## Records provided
○ ○ ○ ○

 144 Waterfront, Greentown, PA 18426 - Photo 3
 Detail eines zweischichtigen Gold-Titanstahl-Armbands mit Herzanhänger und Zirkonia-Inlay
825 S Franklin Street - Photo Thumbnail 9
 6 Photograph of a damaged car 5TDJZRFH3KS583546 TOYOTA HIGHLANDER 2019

○ ○ ○ ○

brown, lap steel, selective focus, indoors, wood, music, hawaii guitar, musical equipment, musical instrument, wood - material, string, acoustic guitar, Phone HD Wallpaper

○ ○ ○ ○

## Problem statement
All lines in the data above from the one with "Detail eines zweischichtigen" through the one with "6 Photograph of" must be repeated exactly, and no others.

## Answer to this exercise
 Detail eines zweischichtigen Gold-Titanstahl-Armbands mit Herzanhänger und Zirkonia-Inlay
825 S Franklin Street - Photo Thumbnail 9
 6 Photograph of a damaged car 5TDJZRFH3KS583546 TOYOTA HIGHLANDER 2019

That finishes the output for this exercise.